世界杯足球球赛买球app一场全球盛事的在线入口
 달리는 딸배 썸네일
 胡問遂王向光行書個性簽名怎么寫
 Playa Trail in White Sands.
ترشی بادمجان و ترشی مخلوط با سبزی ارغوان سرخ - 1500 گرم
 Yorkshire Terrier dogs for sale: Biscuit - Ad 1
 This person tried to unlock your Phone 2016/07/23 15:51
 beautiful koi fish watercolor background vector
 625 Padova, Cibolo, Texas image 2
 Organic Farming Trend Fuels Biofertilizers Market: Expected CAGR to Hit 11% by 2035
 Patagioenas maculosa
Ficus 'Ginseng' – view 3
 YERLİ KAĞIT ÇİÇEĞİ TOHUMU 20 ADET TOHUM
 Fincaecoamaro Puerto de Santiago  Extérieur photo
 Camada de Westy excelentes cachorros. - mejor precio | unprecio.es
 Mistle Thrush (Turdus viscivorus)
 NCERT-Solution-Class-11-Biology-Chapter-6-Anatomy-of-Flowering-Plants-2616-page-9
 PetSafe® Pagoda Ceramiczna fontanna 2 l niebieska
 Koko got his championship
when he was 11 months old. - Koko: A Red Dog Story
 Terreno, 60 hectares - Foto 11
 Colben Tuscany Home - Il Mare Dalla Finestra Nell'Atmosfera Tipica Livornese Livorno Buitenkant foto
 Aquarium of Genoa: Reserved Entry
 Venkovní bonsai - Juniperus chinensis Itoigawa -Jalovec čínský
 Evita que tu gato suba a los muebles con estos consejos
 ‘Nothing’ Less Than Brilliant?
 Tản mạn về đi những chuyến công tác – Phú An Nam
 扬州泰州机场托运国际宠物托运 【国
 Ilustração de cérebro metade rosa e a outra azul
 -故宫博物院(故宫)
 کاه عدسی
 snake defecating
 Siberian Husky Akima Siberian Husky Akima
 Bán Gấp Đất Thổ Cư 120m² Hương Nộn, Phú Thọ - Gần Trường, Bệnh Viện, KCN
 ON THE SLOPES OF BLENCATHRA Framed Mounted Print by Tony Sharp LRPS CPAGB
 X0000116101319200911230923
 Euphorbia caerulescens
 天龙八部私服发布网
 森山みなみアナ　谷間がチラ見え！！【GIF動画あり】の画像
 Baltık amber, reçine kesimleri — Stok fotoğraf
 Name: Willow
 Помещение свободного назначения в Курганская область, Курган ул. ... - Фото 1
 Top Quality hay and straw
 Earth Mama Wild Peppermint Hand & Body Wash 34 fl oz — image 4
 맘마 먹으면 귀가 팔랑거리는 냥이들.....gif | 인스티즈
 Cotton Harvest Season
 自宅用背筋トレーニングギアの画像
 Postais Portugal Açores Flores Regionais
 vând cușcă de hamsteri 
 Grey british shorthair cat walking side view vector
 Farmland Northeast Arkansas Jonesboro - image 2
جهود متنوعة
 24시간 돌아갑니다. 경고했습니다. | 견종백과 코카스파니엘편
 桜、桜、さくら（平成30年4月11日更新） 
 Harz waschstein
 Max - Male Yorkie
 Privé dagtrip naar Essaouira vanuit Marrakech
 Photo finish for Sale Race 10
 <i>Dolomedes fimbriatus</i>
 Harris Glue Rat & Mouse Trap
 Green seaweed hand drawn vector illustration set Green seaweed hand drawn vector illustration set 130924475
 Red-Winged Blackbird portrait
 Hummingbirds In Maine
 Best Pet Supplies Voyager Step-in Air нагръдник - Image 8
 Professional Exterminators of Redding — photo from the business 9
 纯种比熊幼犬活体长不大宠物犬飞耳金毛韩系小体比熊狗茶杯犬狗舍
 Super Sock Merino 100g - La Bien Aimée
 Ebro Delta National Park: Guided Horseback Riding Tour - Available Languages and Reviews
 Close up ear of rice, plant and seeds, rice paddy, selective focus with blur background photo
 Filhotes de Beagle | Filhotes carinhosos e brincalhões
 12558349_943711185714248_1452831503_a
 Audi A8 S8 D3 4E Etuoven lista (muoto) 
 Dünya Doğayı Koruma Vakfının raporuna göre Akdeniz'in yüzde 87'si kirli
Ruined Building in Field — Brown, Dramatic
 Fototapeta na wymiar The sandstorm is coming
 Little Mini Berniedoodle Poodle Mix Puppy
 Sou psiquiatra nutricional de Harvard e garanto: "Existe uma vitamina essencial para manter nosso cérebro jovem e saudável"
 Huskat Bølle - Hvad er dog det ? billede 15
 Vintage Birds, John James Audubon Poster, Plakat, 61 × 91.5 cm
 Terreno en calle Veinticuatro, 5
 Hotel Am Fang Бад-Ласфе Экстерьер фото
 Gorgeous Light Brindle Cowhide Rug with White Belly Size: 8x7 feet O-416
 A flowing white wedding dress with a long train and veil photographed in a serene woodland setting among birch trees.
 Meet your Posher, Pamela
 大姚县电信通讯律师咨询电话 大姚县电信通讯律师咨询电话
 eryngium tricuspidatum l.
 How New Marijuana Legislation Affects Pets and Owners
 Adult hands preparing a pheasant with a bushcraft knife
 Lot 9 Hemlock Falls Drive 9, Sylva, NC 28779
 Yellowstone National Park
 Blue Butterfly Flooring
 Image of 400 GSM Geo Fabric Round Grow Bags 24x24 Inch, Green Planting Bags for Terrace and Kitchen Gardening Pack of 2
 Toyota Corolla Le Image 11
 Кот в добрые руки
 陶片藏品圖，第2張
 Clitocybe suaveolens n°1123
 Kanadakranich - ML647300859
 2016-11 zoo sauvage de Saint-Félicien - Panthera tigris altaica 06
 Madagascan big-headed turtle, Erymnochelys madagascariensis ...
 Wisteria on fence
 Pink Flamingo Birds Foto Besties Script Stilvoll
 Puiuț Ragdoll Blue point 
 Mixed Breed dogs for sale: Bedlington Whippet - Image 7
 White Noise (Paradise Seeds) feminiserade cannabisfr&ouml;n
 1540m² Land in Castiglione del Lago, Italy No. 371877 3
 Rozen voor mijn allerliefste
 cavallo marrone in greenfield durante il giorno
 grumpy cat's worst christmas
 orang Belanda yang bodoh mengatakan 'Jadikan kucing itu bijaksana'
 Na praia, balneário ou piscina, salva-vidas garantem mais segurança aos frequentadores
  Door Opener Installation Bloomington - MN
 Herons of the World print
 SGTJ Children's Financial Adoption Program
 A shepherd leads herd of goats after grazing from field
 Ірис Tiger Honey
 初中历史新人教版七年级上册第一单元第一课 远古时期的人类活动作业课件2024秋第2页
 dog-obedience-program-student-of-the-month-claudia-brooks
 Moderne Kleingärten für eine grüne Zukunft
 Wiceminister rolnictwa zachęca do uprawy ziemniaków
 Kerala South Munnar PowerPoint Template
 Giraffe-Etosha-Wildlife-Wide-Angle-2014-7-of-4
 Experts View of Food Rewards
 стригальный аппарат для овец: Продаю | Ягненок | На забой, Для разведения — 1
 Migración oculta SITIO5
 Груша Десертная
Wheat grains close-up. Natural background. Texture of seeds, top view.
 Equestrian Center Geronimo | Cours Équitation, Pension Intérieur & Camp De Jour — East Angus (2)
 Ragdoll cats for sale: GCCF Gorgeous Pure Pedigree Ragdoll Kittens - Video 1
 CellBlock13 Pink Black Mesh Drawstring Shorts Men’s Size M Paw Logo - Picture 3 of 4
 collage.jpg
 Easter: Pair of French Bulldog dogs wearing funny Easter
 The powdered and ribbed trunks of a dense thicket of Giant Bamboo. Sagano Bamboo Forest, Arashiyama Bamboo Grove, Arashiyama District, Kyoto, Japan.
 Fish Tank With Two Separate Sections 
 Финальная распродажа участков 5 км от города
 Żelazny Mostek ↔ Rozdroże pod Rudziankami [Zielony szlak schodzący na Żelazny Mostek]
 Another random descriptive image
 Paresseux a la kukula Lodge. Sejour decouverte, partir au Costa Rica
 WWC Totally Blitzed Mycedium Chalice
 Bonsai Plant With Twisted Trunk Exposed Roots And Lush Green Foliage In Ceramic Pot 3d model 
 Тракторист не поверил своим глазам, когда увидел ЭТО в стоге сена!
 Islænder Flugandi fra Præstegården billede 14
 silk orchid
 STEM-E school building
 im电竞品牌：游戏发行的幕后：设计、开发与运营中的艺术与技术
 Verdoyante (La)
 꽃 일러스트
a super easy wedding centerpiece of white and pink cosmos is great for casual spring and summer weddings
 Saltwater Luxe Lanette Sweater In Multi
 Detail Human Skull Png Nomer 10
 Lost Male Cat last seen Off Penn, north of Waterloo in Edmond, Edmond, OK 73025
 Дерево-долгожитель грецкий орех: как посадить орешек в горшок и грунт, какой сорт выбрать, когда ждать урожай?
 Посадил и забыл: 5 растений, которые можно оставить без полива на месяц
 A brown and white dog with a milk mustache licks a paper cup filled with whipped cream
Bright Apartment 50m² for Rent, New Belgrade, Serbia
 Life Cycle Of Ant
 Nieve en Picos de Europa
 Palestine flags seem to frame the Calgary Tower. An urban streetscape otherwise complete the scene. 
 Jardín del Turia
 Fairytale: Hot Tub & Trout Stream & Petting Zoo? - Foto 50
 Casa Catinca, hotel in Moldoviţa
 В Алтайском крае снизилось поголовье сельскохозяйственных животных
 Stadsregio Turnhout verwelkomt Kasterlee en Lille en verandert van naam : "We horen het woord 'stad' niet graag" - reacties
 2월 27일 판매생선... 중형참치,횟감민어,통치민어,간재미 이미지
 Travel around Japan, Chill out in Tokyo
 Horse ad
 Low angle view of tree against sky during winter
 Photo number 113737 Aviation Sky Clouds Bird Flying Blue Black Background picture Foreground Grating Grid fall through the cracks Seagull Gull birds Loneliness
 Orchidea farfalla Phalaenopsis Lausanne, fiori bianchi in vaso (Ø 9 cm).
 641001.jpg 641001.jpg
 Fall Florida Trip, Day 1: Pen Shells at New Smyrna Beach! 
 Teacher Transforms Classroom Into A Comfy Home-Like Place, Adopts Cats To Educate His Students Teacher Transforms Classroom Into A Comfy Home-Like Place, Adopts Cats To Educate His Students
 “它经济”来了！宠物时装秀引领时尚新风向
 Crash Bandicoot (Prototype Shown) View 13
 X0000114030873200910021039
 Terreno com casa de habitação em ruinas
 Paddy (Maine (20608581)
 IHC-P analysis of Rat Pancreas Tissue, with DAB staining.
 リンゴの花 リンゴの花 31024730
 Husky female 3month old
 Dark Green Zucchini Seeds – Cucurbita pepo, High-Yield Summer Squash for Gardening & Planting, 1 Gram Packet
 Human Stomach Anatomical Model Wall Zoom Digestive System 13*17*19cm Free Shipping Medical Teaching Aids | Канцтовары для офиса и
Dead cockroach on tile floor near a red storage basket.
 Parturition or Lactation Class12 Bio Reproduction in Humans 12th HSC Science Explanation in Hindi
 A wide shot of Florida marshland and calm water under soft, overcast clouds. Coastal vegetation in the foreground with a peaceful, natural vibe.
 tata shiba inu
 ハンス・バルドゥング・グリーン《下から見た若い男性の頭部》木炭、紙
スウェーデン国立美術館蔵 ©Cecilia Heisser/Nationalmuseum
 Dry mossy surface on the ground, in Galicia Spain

□ □ □

Output the material above exactly, but only from the line that carries "Stadsregio Turnhout verwelkomt" through the line that carries "Dark Green Zucchini".

 Stadsregio Turnhout verwelkomt Kasterlee en Lille en verandert van naam : "We horen het woord 'stad' niet graag" - reacties
 2월 27일 판매생선... 중형참치,횟감민어,통치민어,간재미 이미지
 Travel around Japan, Chill out in Tokyo
 Horse ad
 Low angle view of tree against sky during winter
 Photo number 113737 Aviation Sky Clouds Bird Flying Blue Black Background picture Foreground Grating Grid fall through the cracks Seagull Gull birds Loneliness
 Orchidea farfalla Phalaenopsis Lausanne, fiori bianchi in vaso (Ø 9 cm).
 641001.jpg 641001.jpg
 Fall Florida Trip, Day 1: Pen Shells at New Smyrna Beach! 
 Teacher Transforms Classroom Into A Comfy Home-Like Place, Adopts Cats To Educate His Students Teacher Transforms Classroom Into A Comfy Home-Like Place, Adopts Cats To Educate His Students
 “它经济”来了！宠物时装秀引领时尚新风向
 Crash Bandicoot (Prototype Shown) View 13
 X0000114030873200910021039
 Terreno com casa de habitação em ruinas
 Paddy (Maine (20608581)
 IHC-P analysis of Rat Pancreas Tissue, with DAB staining.
 リンゴの花 リンゴの花 31024730
 Husky female 3month old
 Dark Green Zucchini Seeds – Cucurbita pepo, High-Yield Summer Squash for Gardening & Planting, 1 Gram Packet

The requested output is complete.